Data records
==================================================

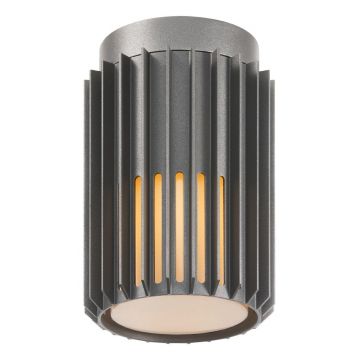 Mini Plafoniera exterior design nordic IP54 Aludra seaside antracit
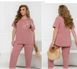 Suit № 2520-pink, 58-60, Minova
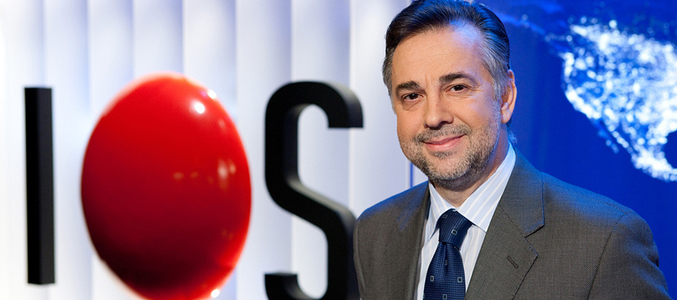 Jenaro Castro, director y presentador de 'Informe Semanal'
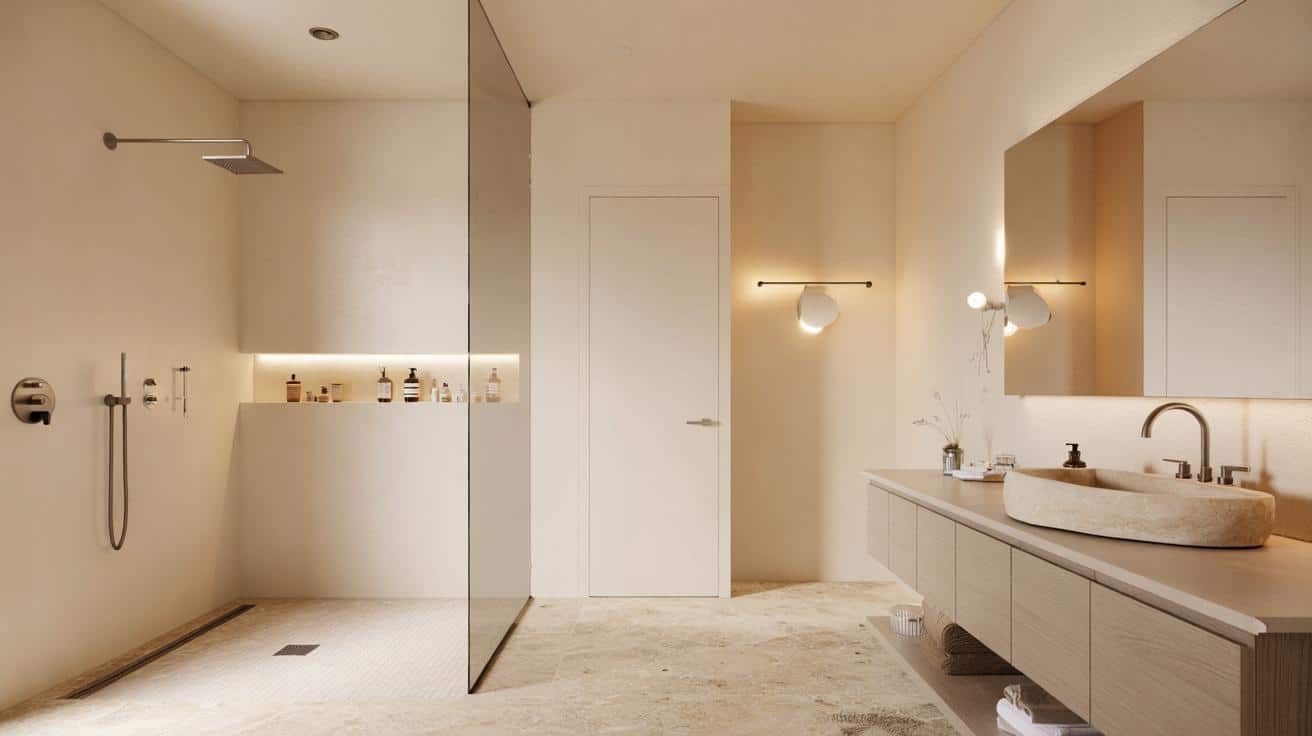 Nie remontuj łazienki przed 2026 rokiem. Te 5 trików robi z niej spa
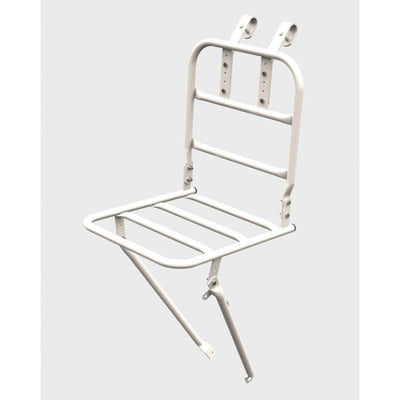 Vorderradträger Steco Transport 26 28 - 30 x 30 cm - weiß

==================================================

How to complete this task:
Skipping the pictures, output the entries exactly as they appear above.

Answer for this exercise:
 Mini Plafoniera exterior design nordic IP54 Aludra seaside antracit
 Suit № 2520-pink, 58-60, Minova
 Jenaro Castro, director y presentador de 'Informe Semanal'
 Nie remontuj łazienki przed 2026 rokiem. Te 5 trików robi z niej spa
 Vorderradträger Steco Transport 26 28 - 30 x 30 cm - weiß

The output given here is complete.